Does the Null Hypothesis hold? 

In [356]:
train_ridge_cv_rmse_mean-train_ridge_cv_rmse_mean1

-0.003333333330374444

In [357]:
test_ridge_cv_rmse_mean-test_ridge_cv_rmse_mean1

0.0033333333340124227

In [358]:
train_encv_rmse_mean-train_encv_rmse_mean1

-0.0033333333340124227

In [360]:
test_encv_rmse_mean-test_encv_rmse_mean1

-0.01999999999679858

# Hypothesis Conclusion Statement:<br>
### Because none of the differences taken by mean RMSE scores were larger than our level of significance = 0.05, there is insufficient evidence to reject our null hypothesis. We do not have enough evidence to conclude that Quality and Condition Features are better predictors of sale price than Squarefeet based features.

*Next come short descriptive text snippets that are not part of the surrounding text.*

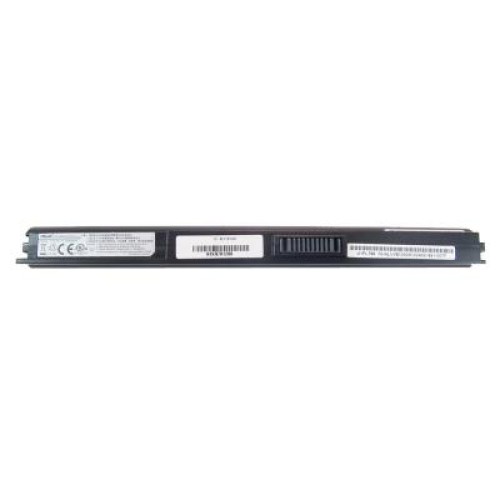 Акумулятор до ноутбука ASUS Asus A32-U1 2400mAh 3cell 11.1V Li-ion (A41963)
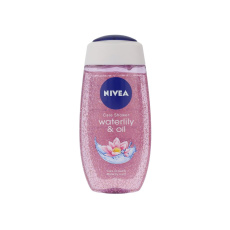 Nivea Waterlily & Oil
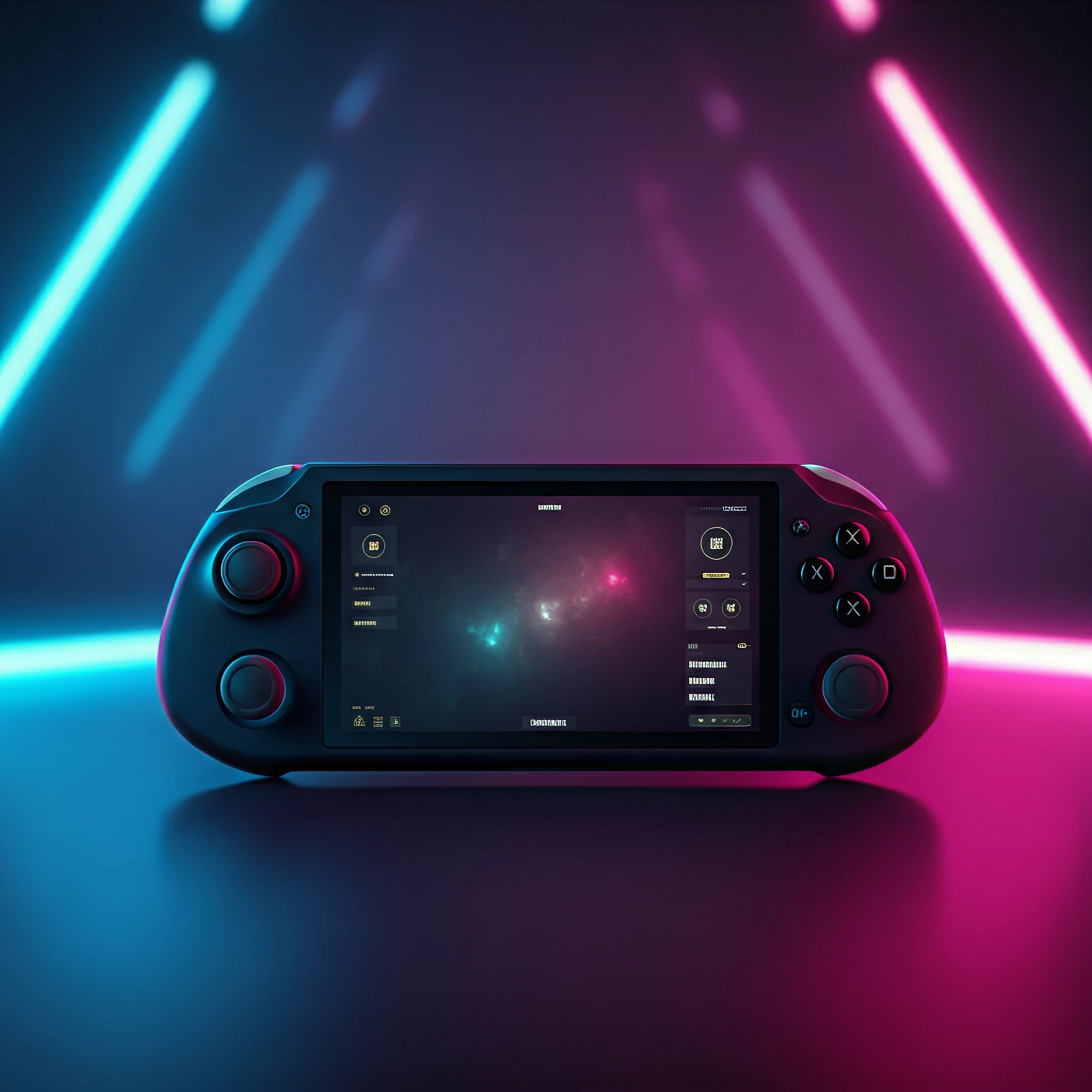 Nintendo Switch Online App Undergoes Major Revamp For Switch 2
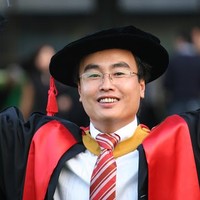 Xuan Vinh Vo
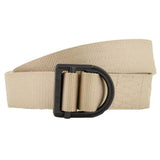 Sniper Mens Tactical Belts In Khaki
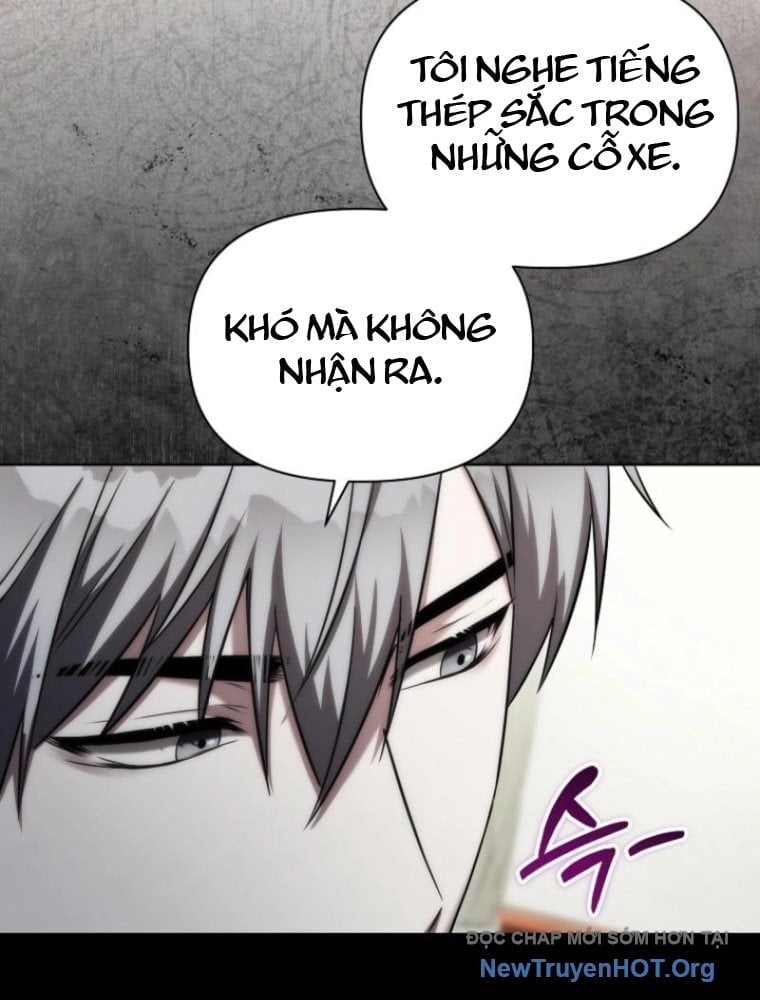 Trở Thành Man Di Ở Thế Giới Fantasy Chapter 2 77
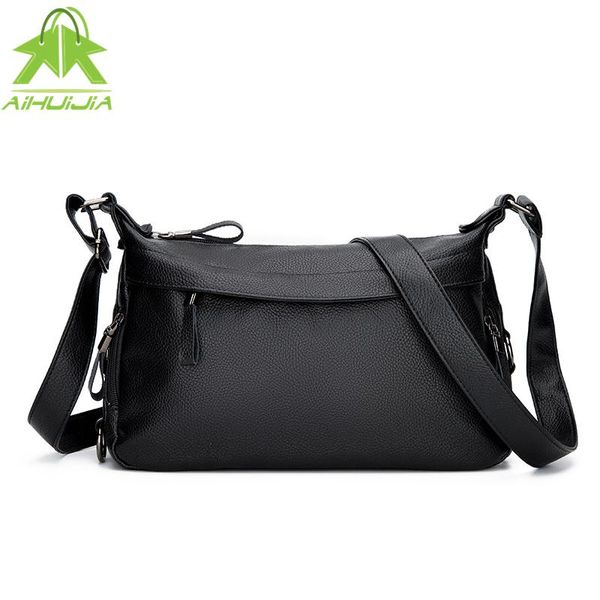evening bags luxury solid color messenger bag for women high capacity casual shoulder 2021 quality pu leather travel handbags
evening bags luxury solid color messenger bag for women high capacity casual shoulder 2021 quality pu leather travel handbags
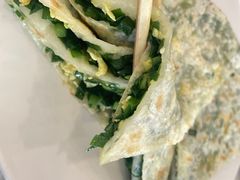 -大张肉饼店(新开街店)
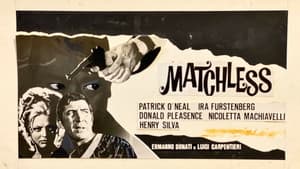 Matchless — foto 1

# Conclusions and Recommendations

## Conclusions:
- ### From the current iteration of the model and data, there is not ample enough evidence to suggest that Quality/Condition nor SquareFt Feature based fields are the best predictors of price.
- ### Quality and Condition Features range further than just Features that reference quality or condition in their name.
- ### Squarefeet based features are also not entirely reliable on predicting potential sale price points either. As seen in EDA and further the performance of the models, Squarefeet Features have a very high multicollinearity with other Squarefeet Features which ultimately creates more noise than it does highlight the signal.
- ### Despite postive Linear relationships between individual Quality,Condition,Squarefeet features and Sale Price, more features need to be included in order to accurately predict sale prices that better tie the entire picture together, potentially such as numbers of category rooms (baths, bedrooms, etc.) as well as adding features that detail home/bldg style.

## Recommendations:
- ### Fund another round of analysis on the data to take lessons learned and reapply to better understand the data and create a model that is less restrictive of features it includes.
- ### When creating future models that predict price, ensure that the parameters set in cross validation models don't test models in a similar fasion.
- ### Continue to focus on features that represent non-depcreciative value such as Squarefeet as they tend to have strong positive correlations with price.
- ### When considering Quality/Condition Features, focus on instances of Heating quality and basement height as they are more evenly distributed than their peer features such as Garage Quality, Kitchen Quality, and Fireplace quality.